- Born: Thomas Anthony Reppetto August 17, 1931 Chicago, Illinois, U.S.
- Died: May 5, 2020 (aged 88) Mount Vernon, New York, U.S.
- Education: PhD, Harvard University (public administration) BA, MA, Roosevelt University
- Occupations: Crime historian, author, educator, researcher, police detective / officer
- Years active: 1952-2020 (his death)
- Spouse(s): Cecelia Seibert, ?-? (divorced) Christa Carnegie (?-2020, his death)
- Children: 1 child, with Seibert

= Thomas Reppetto =

American police officer (1931–2020)

Thomas Anthony Reppetto (August 17, 1931 – May 5, 2020) was a police officer, crime watchdog, historian, educator, and author. He was a commander of detectives in the Chicago Police Department and the president of New York City's Citizens Crime Commission for over 25 years. He was the dean of the John Jay College of Criminal Justice in New York.

== Childhood ==
Reppetto was born in Chicago. His mother was a secretary for the Chicago Police Department and his father was a saloonkeeper who spent time in prison for a variety of criminal activities. Reppetto visited his father in prison on Sundays.

== Education ==
Reppetto attended Roosevelt University in Chicago. While he was working in the Chicago Police Department, he got a PhD in public administration from Harvard University.

== Career ==
Reppetto joined the Chicago Police department in 1952 and became the commander of detectives. While working there, he pursued his PhD, but once it was completed and he rejoined the force, but, however, he was sidelined from holding advanced positions.

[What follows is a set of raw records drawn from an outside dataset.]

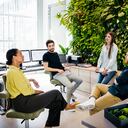 De acuerdo con Lina Monsalve, quienes se encuentran en posiciones de liderazgo deben comprometerse a promover ambientes inclusivos y diversos.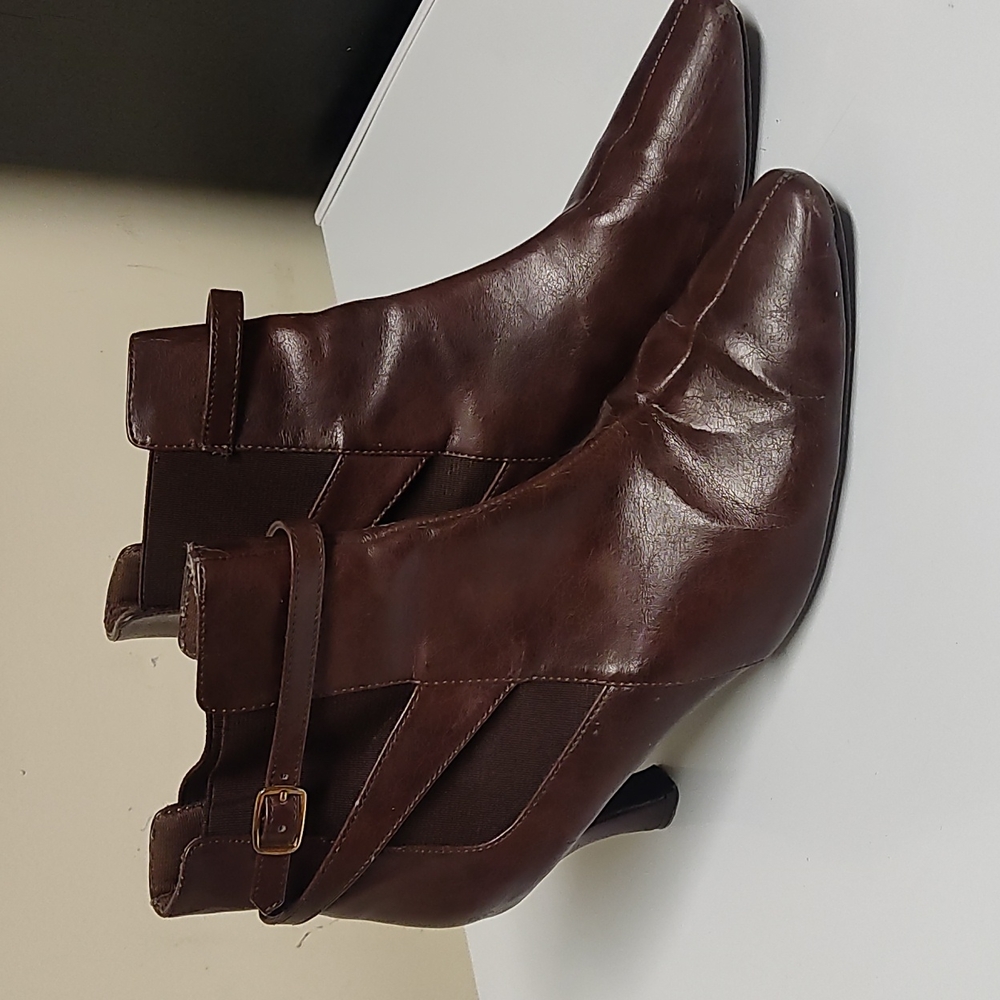 Annie Brown Boots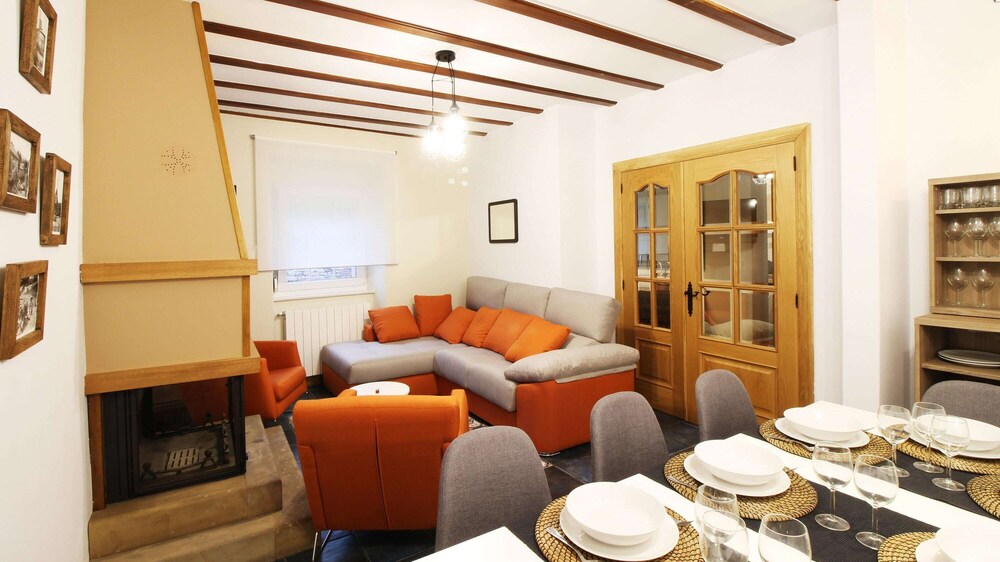 Casa rural LA COVA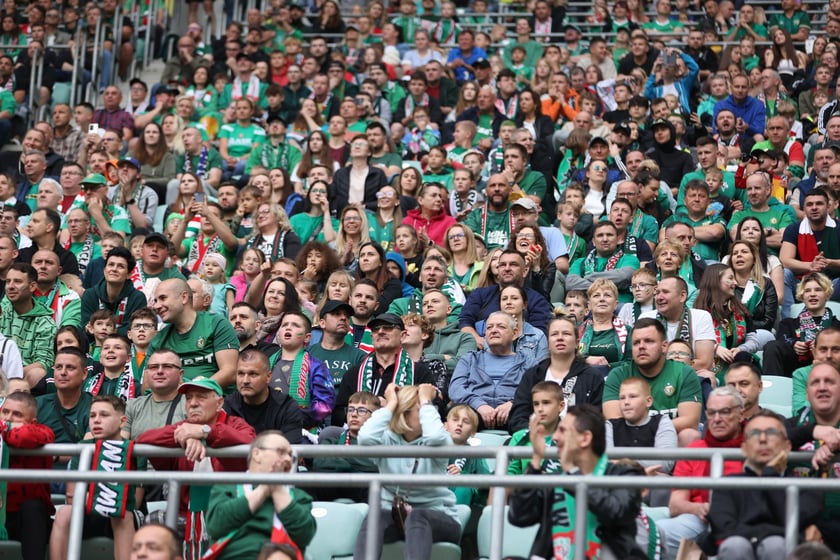 Śląsk Wrocław - Radomiak Radom. Zdjęcia kibiców oraz z meczu.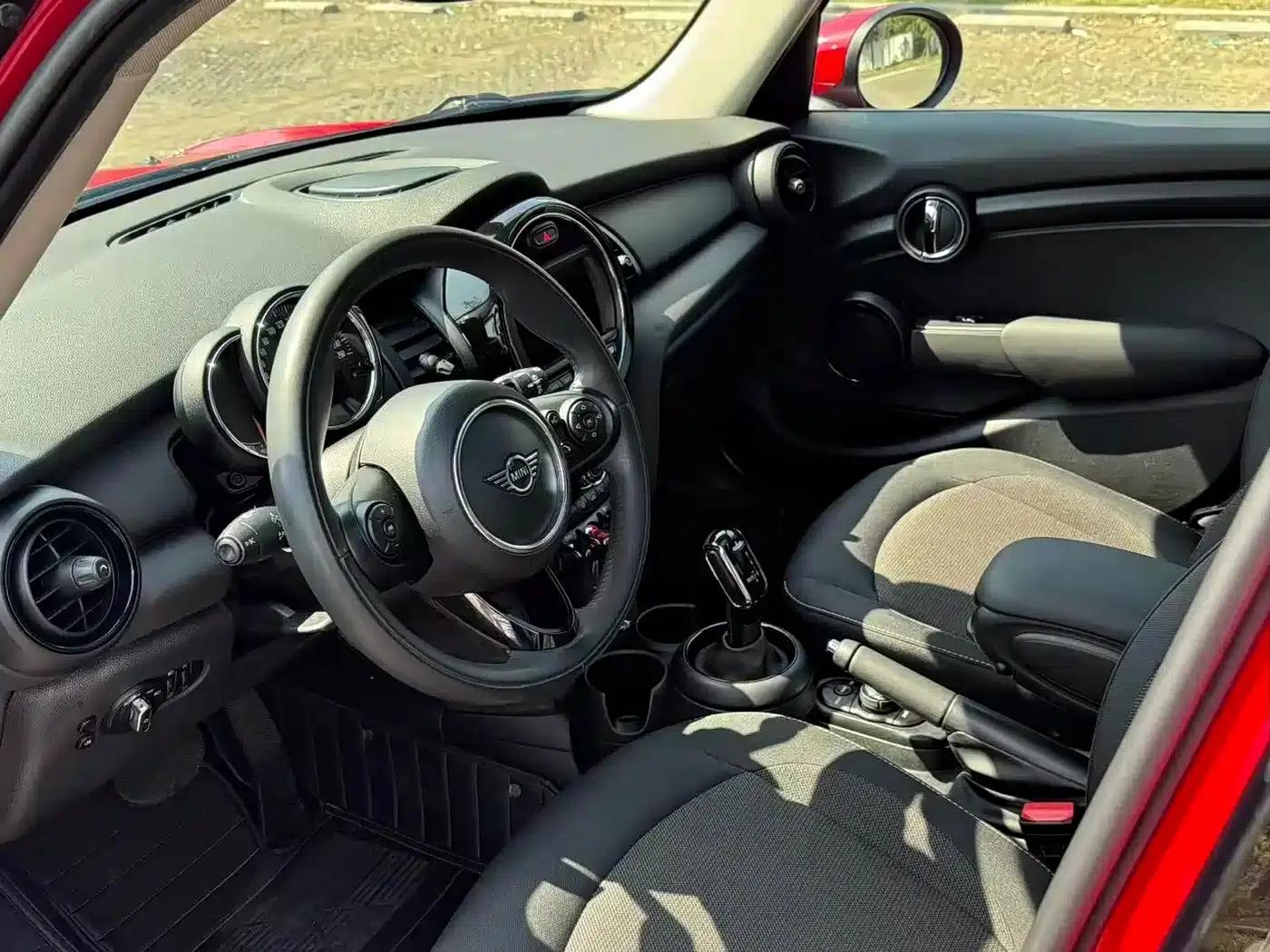2018 MINI 1.5T ONE 5-Door Edition — миниатюра 15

In 1970 he became a criminal justice researcher at the Joint Center for Urban Studies of M.I.T. and Harvard. In 1971 he moved to be a professor at New York City's John Jay College of Criminal Justice; he eventually served as dean and vice president of the school.

In 1979, Reppetto was approached by a group of businessmen who formed the nonpartisan New York City's Citizens Crime Commission. He served as the president of the commission for over 20 years. He advised New York City mayors on how to reduce crime, pointing to many historical mistakes which led to public distrust and unrest of police officers.

== Publications ==
He wrote American Mafia, Bringing Down the Mob, Blue Parade, Battleground New York City, American Detective, and Shadows over the White House.

He also wrote about the criminal justice system for the New York Post.